There is a total of 1 unit of flow leaving s, so for sure we can pick
an initial edge to take so that the probability of choosing any given
edge (s,v) equals the flow on that edge f_{sv}. When we get to the
endpoint v, we will then just choose our next edge with probability
proportional to the flow on it. It's easiest to see why this works by
drawing out a small example. We are basically just "flowing
probability mass" through the graph. (What are we flowing? probability!)
You can also prove this by induction.
OK, now how can we use randomized weighted majority in this game? In
this game, the smuggler has too many choices (there may be
exponentially many different paths from s to t). But the border-guard
has only m choices (m = number of edges). So, lets use RWM for the
border guard: we start with equal probability on all the edges, and
then for the smuggler we find the path where the smuggler has the
least chance of getting caught. How can you find it? This is just a
shortest path, using the probabilities as lengths. Then we update the
border-guard's distribution using RWM's updates based on this path.
Then we repeat. The argument from class says that RWM's strategy will
approach minimax optimal, so this is another way of solving for an
(approximately) minimum cut. Is it faster? Not as stated. But the
current fastest approximate-min cut algorithms do use this idea, but
with a variant on this game based on connections to the electrical
flows you saw on your homework.
FFT
===
The most important thing to know about FFT is that it gives you an
algorithm that runs in time O(n log n) for computing the convolution
of two vectors of length n.
Say A,B are vectors of length n. The convolution C is defined as:
C_i = A_0*B_i + A_1*B_{i-1} + ... + A_i*B_0.
for i between 0 and 2n-2.
Note that for i>n we view A_i = 0 and B_i = 0.

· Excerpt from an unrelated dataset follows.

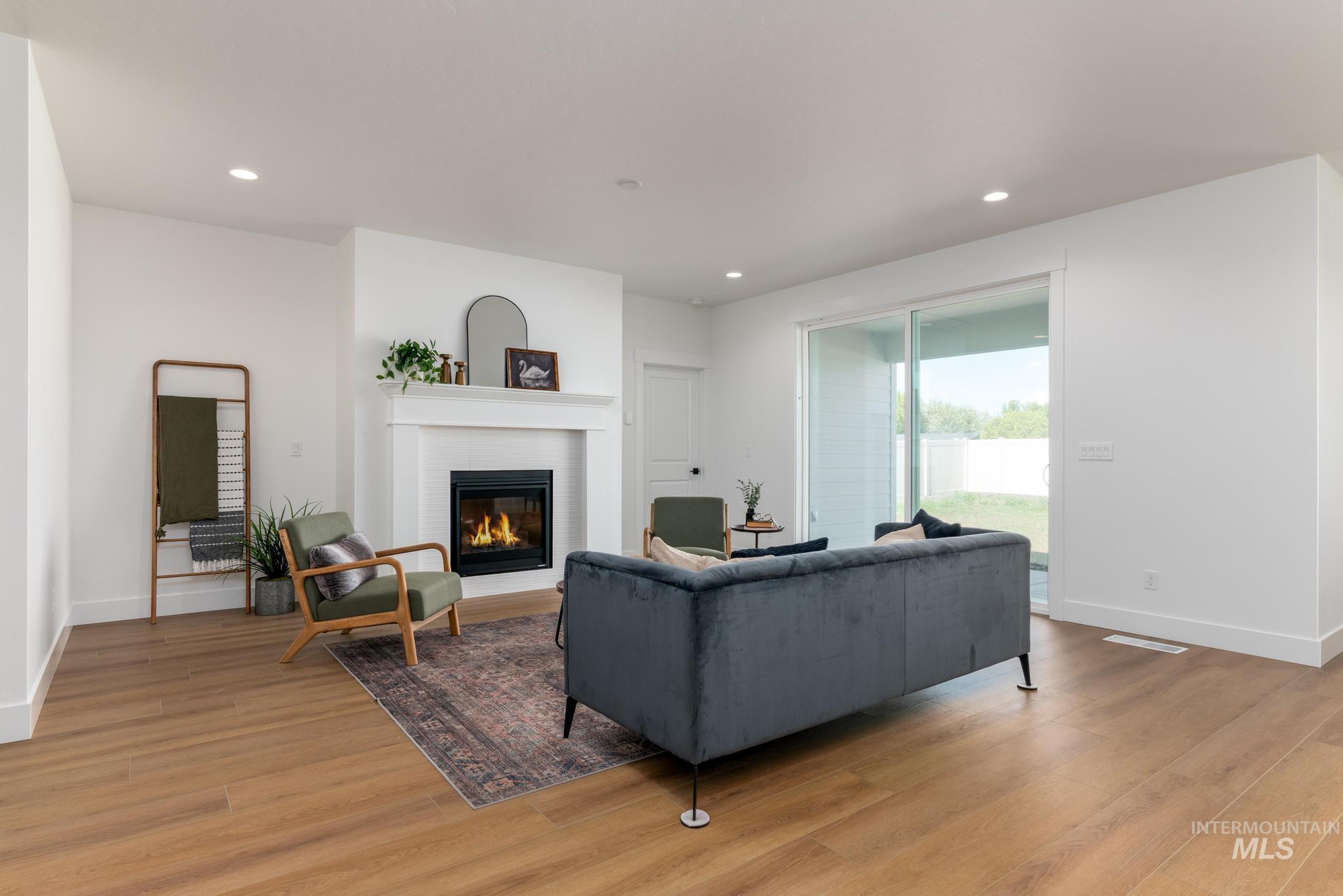 1925 Buckbrush Avenue Middleton, ID 83644 - Photo 3 of 20 Living area featuring a fireplace with a white mantel, recessed lighting, wood-finish flooring, a sliding glass door, and white baseboards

Here is an interesting application.
Say you have a file filled with 0's and 1's. e.g.,
011101111110100101011010101001
and you want to look up all instances of a pattern "11*1" in this
file. The "*" is a wildcard that can match a 0 or 1. (To make this
easier, we will assume the pattern has just 1's and *'s, but no 0's.
If you want you can think at home how to handle 0's too).

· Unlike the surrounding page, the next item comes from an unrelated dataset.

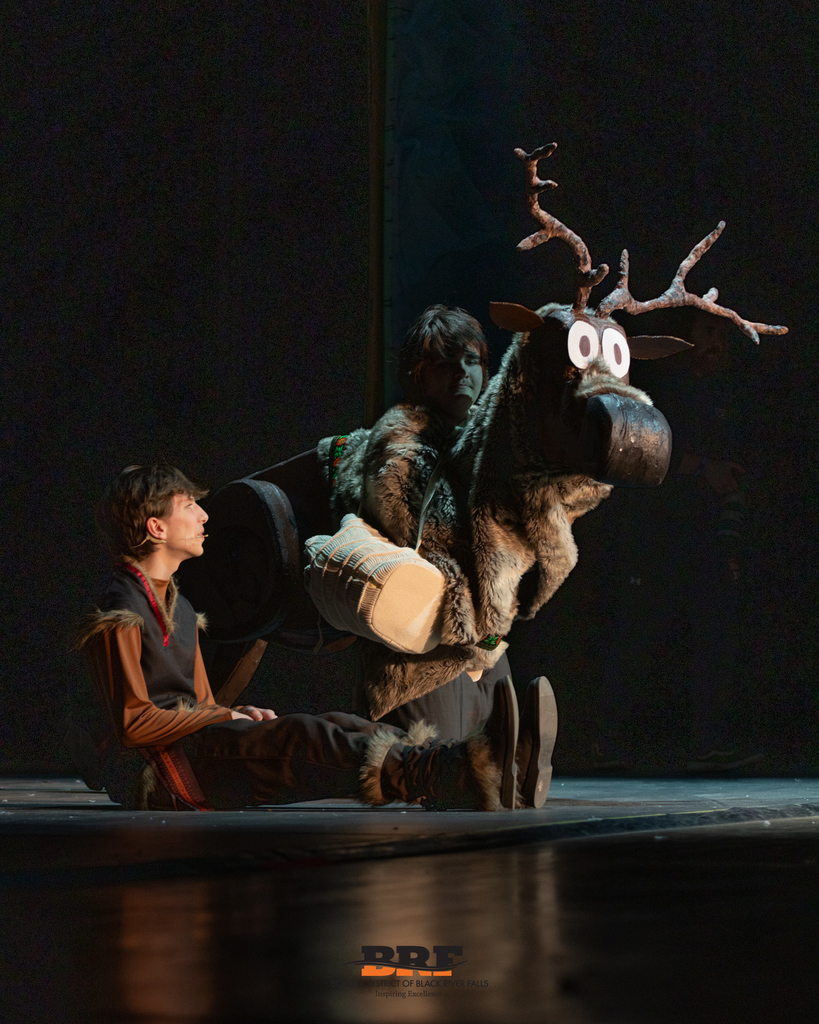 Actor sits next to another actor dressed as Sven.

Here's a way we can do it. Let A be the vector for the file. I.e.,
A = 011101111110100101011010101001
Let B be a vector where the *'s in the pattern are replaced with 0's,
and then the pattern is reversed and padded with 0's. E.g., in this
case it would be
B = 101100000000000000000000000000
Now do a convolution:
A = 011101111110100101011010101001
B = 101100000000000000000000000000
C = 01122322333...
The 3's in C (or more generally, the entries equal to the number of
1's in the pattern) are the places where the pattern matches.